Равнодушие к чинам и служебной карьере, культ праздности, изящного наслаждения и личной независимости, наконец, политическое вольнодумство образуют внутренне единый комплекс, характерный для поколения 1820-х г.г. и запечатленный в образе Е.О.
Разумеется, о вольномыслии героя, о его причастности к околодекабристскому кругу говорить можно было лишь намеками. Но эти намеки многозначительны и красноречивы. Критическое отношение Е.О. к высшему свету и соседям-помещикам, добровольное деревенское отшельничество (своего рода внутренняя эмиграция), облегчение участи крепостных (вполне «декабристский» по духу жест), чтение Адама Смита, бывшего в ходу у декабристов, изображения Байрона и Наполеона — «властителей дум» поколения — в деревенском кабинете Е.О., долгие беседы и споры с Ленским на самые острые и животрепещущие темы современности, наконец, прямое сопоставление Е.О. с вольнодумцем, философом-денди Чаадаевым, упоминание о знакомстве героя с лихим гусаром, декабристом Кавериным, рассказ о его дружбе с героем-автором, опальным поэтом, и готовность Е.О. сопутствовать ему в побеге за границу — все это свидетельствует об истин-ном масштабе личности Е.О., о его принадлежности к героям времени, остро ощущавшим свою историческую предназначенность и общественную невостребованность, мучительно решавшим проблему выбора жизненного пути.
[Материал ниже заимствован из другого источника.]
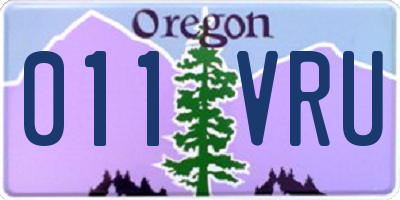 OR license plate 011VRU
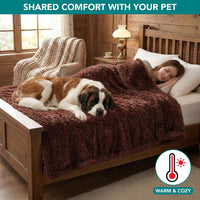 PetAmi Fluffy Sherpa Waterproof Dog Blanket for Small Pet Cat - Brown / Large (40x60) - image 2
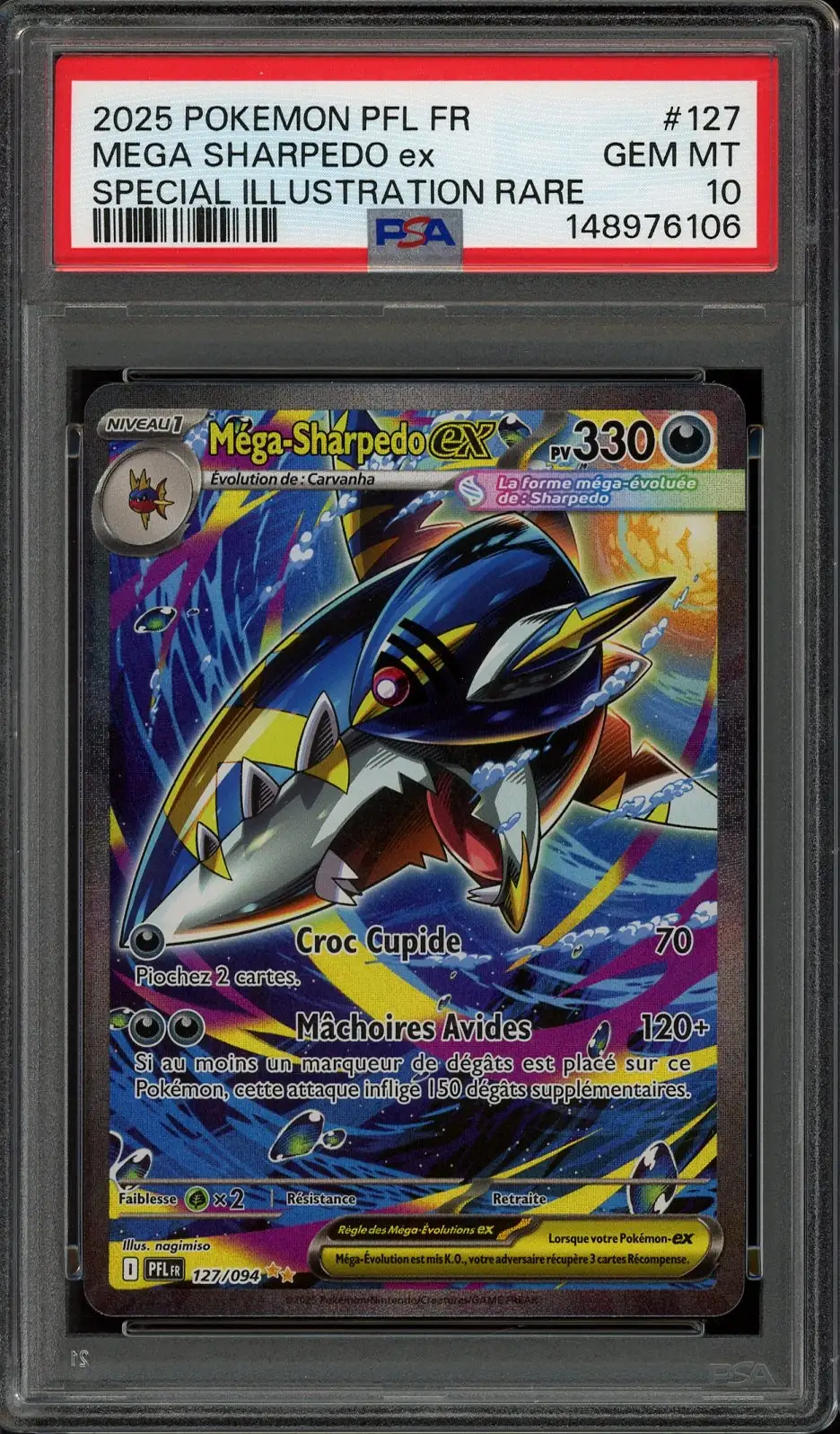 PSA 10 Méga-Sharpedo Ex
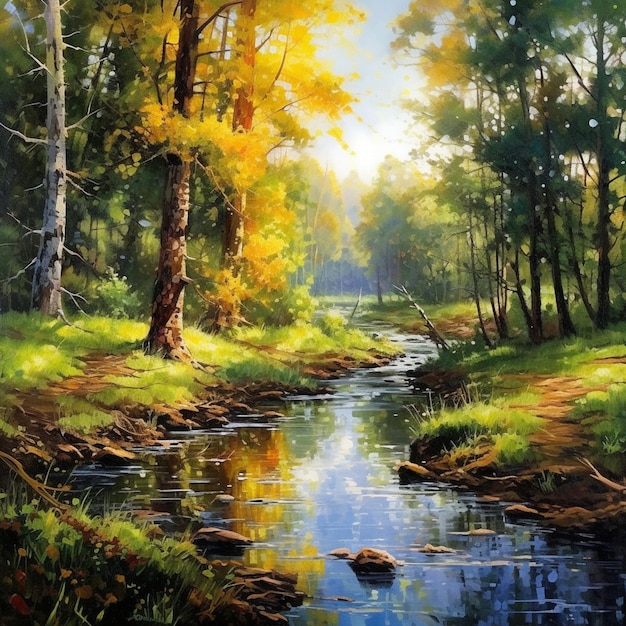 Une peinture d'un ruisseau dans les bois avec le soleil qui brille dessus.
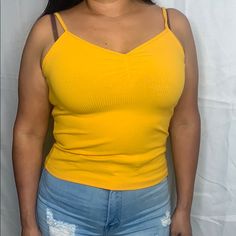 Cute Cotton Cami Top A Basic Essential In Your Wardrobe - Model Is Wearing Size Small - Reasonable Offers Welcomed - Bundle Up To Save More Yellow Stretch Top With Built-in Bra, Casual Yellow Tops With Built-in Bra, Casual Yellow Seamless Tops, Cami Top, Cami Tops, Womens Tops, Tank Tops, Wardrobe, Yellow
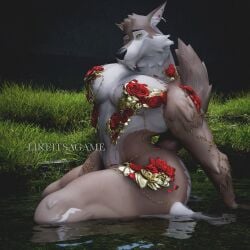3d 3d_(artwork) anthro artist_request ass big_ass big_pecs curvy_male epic_games femboy fortnite furry in_water looking_at_viewer male male_only muscles muscular_male ornaments pecs posing tagme_(artist) video_game_character wendell_(fortnite) wolf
Беглость такого рода намеков — одна из главных особенностей повествования в «Евгении Онегине». Ее художественный эффект — в том, что повседневно-бытовой облик и поведение героя раскрываются здесь пространно и подробно, а о его внутреннем мире, его чувствах, переживаниях, взглядах говорится как бы мимоходом и вскользь. Эффект этот возможен потому, что живая, непринужденная беседа автора с читателем, имитирующая дружескую болтовню, предполагает, что и автор, и герой, и читатель — это «свои» люди, понимающие друг друга с полуслова.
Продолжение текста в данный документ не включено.